*** Records for processing Section Begins ***

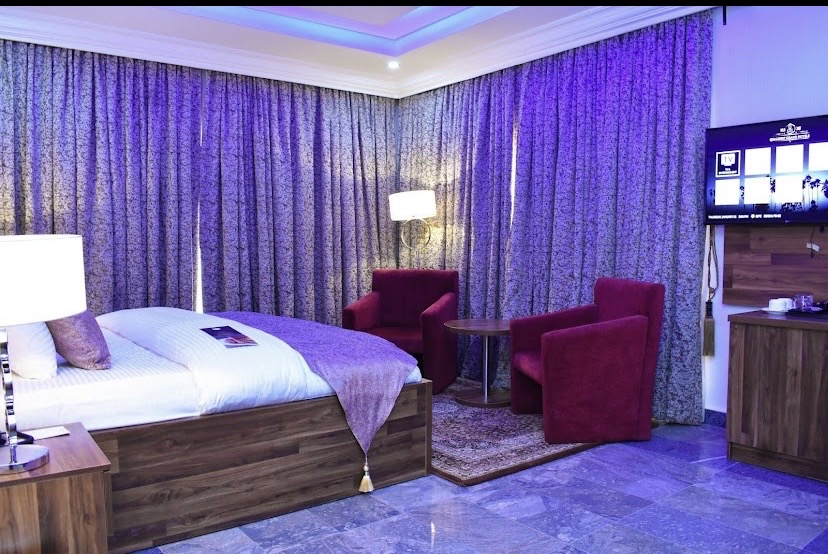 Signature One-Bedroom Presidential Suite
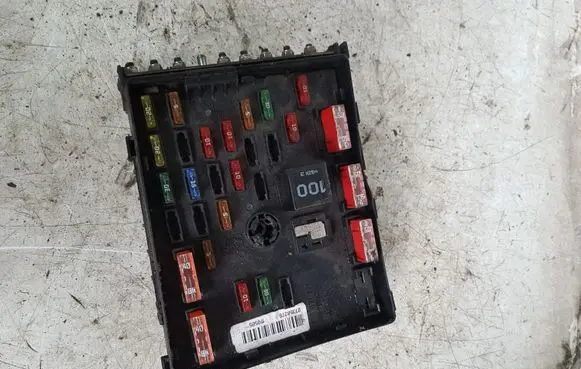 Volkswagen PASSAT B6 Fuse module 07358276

*** Records for processing Section Ends ***
*** Records for processing Section Begins ***

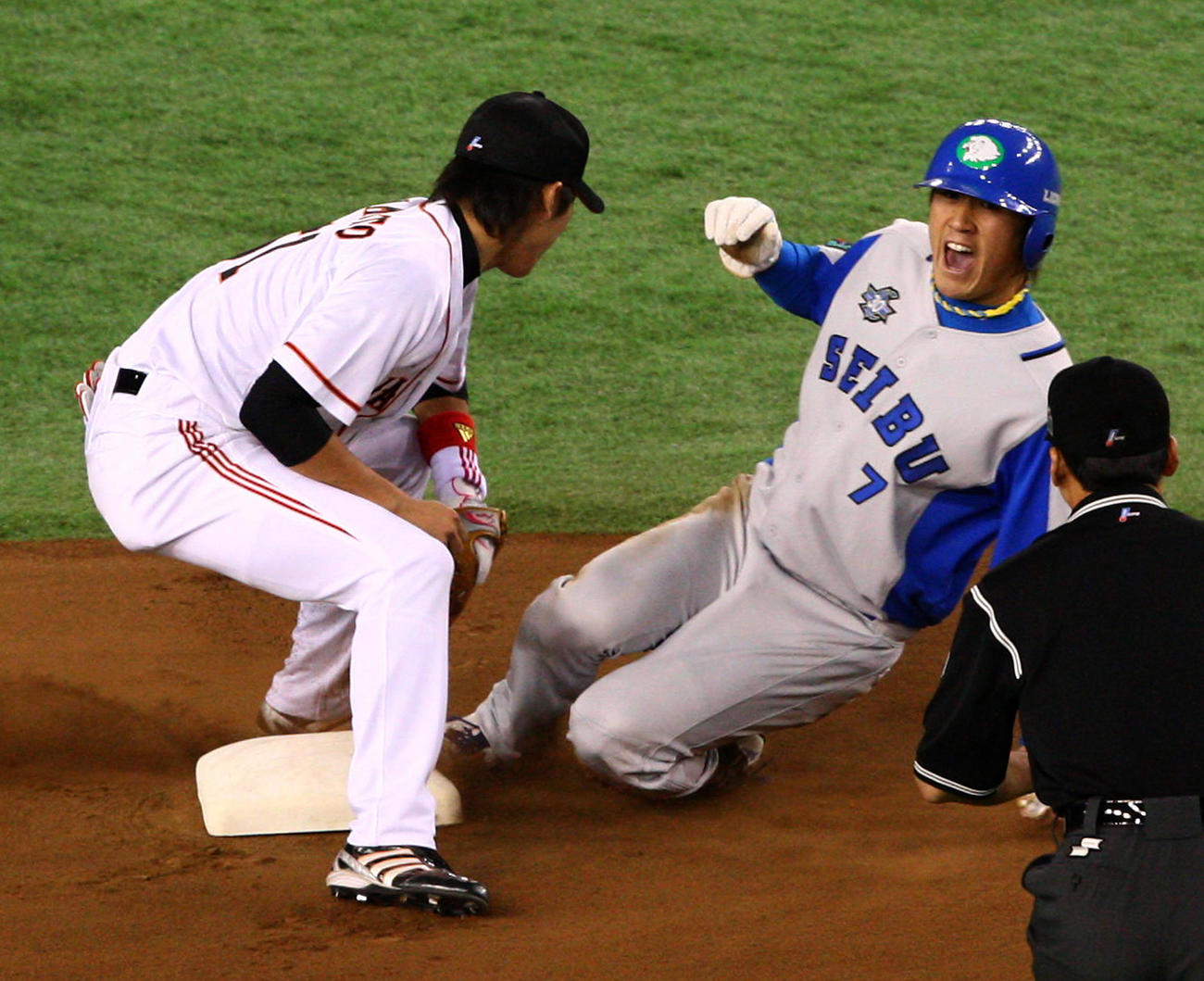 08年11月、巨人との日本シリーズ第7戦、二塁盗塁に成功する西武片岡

*** Records for processing Section Ends ***

Exercise:
What are the lines in the records above, word for word, from the one containing "Signature One-Bedroom Presidential Suite" through the one containing "Volkswagen PASSAT B6 Fuse module 07358276", both ends included and pictures left out?

Response below:
 Signature One-Bedroom Presidential Suite
 Volkswagen PASSAT B6 Fuse module 07358276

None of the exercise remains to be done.